# RNN with attention for translation


### Loading the data


In [1]:
import pandas as pd

train_df = pd.read_csv(
    "por.txt",
    sep="\t",
    usecols=[0, 1],
    names=["EN", "PR"],
)
train_df.head()

Unnamed: 0,EN,PR
0,Go.,Vai.
1,Go.,Vá.
2,Hi.,Oi.
3,Run!,Corre!
4,Run!,Corra!


### Preprocess


In [2]:
import unicodedata
import re


def unicode2ascii(s):
    return "".join(
        c for c in unicodedata.normalize("NFD", s) if unicodedata.category(c) != "Mn"
    )


def normalize_string(s):
    s = unicode2ascii(s.lower().strip())
    s = re.sub(r"([.!?])", r" \1", s)
    s = re.sub(r"[^a-zA-Z!?]+", r" ", s)
    return s.strip()

In [3]:
from tqdm import tqdm


def preprocess(texts):
    for text in tqdm(texts, desc="Building vocab"):
        tokens = normalize_string(str(text)).split()
        yield tokens

### Create vocabs


In [4]:
from torchtext.vocab import build_vocab_from_iterator

SPECIAL_TOKENS = ["<SOS>", "<EOS>", "<UNK>", "<PAD>"]
english_vocab = build_vocab_from_iterator(
    preprocess(train_df["EN"].values), special_first=True, specials=SPECIAL_TOKENS
)

port_vocab = build_vocab_from_iterator(
    preprocess(train_df["PR"].values), special_first=True, specials=SPECIAL_TOKENS
)

Building vocab: 100%|██████████| 168903/168903 [00:04<00:00, 39251.91it/s]
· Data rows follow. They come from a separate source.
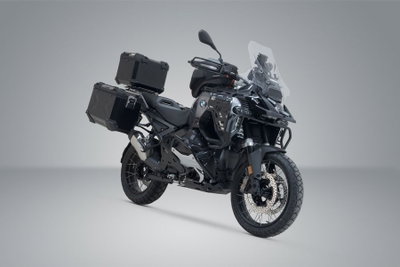 Trax ADV Väskpaket BMW R 1300 GS Adventure (24-26)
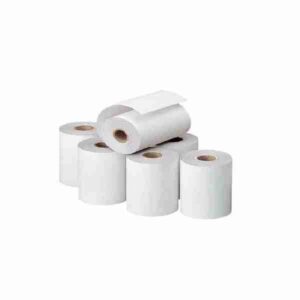 Rouleau De Papier Caisse 57*30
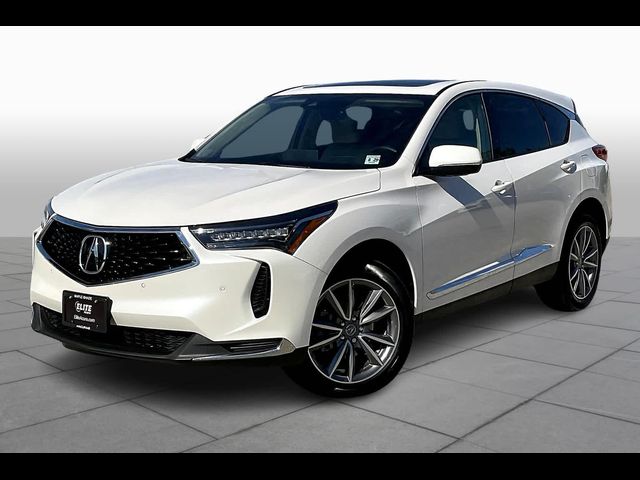 2024 Acura RDX Technology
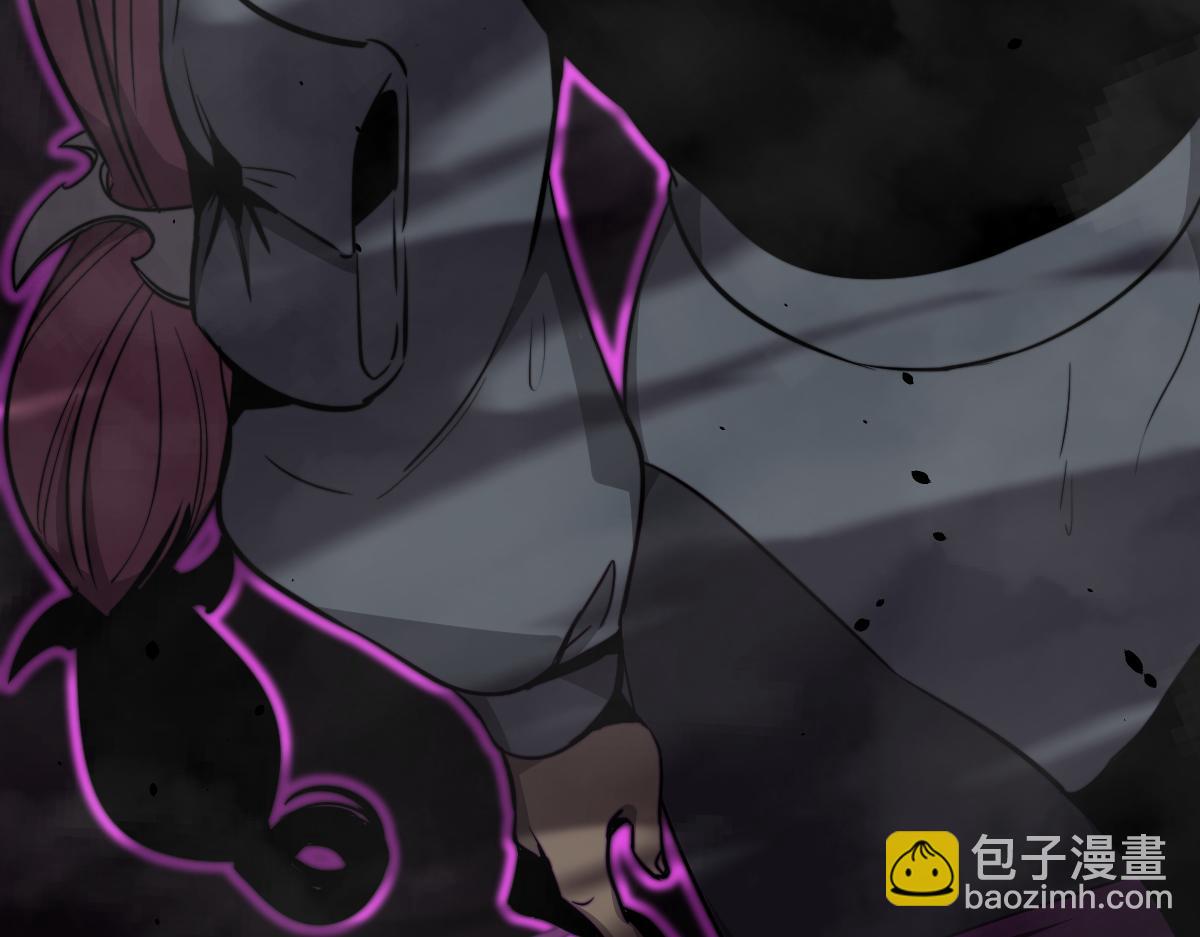 超凡進化 - 045話 再戰蒼月妖母(1/5) - 7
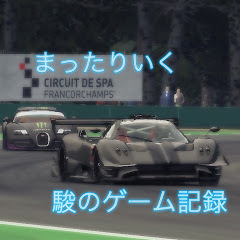 【まったりいく駿のゲーム記録】駿_shun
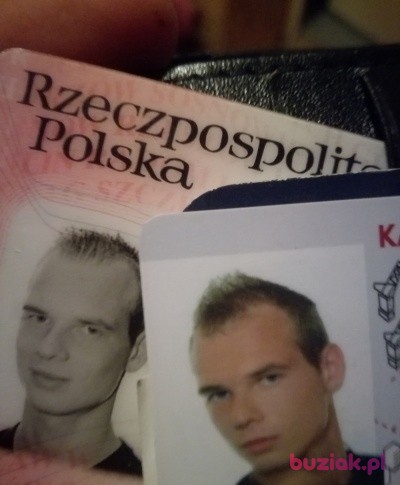 Wojtas, Male, 35, Gdańsk, Polska, Photo: 1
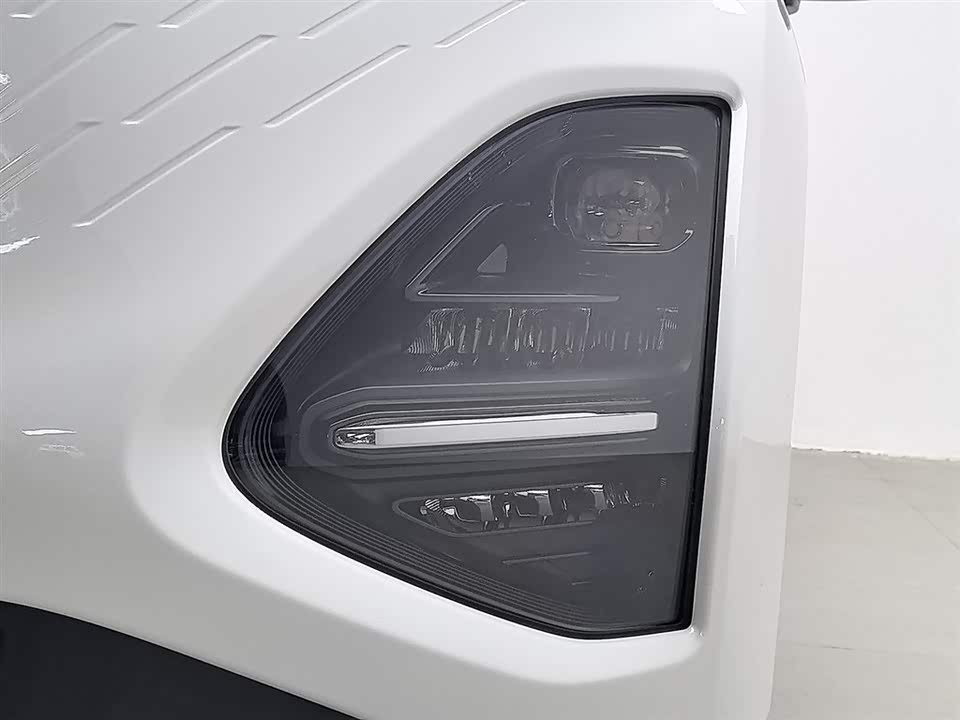 Wuling Wuling Starlight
Building vocab: 100%|██████████| 168903/168903 [00:04<00:00, 35398.26it/s]


In [5]:
print("Length of english vocab:", len(english_vocab))
print("Length of portugese vocab:", len(port_vocab))

Length of english vocab: 12221

Length of portugese vocab: 20582


In [6]:
import torch
import numpy as np
from torch.utils.data import TensorDataset, DataLoader

device = torch.device("cuda" if torch.cuda.is_available() else "cpu")
SOS_TOKEN_IDX = english_vocab["<SOS>"]
EOS_TOKEN_IDX = english_vocab["<EOS>"]
MAX_LENGTH = 100


def sentence2idxs(vocab, sentence):
    tokens = normalize_string(str(sentence)).split(" ")
    return [vocab[word] if word in vocab else vocab["<UNK>"] for word in tokens]


def sentence2tensor(vocab, sentence):
    indexes = sentence2idxs(vocab, sentence)
    indexes.append(EOS_TOKEN_IDX)
    return torch.tensor(indexes, dtype=torch.long, device=device).view(1, -1)


def process_sentence(vocab, sentence):
    idxs = sentence2idxs(vocab, sentence)
    idxs.append(EOS_TOKEN_IDX)
    return idxs


def get_dataloader(
    df, input_vocab, output_vocab, batch_size=64, in_column="EN", out_column="PR"
):

    n = len(df)
    input_idxs = np.ones((n, MAX_LENGTH), dtype=np.int32) * input_vocab["<PAD>"]
    target_idxs = np.ones((n, MAX_LENGTH), dtype=np.int32) * output_vocab["<PAD>"]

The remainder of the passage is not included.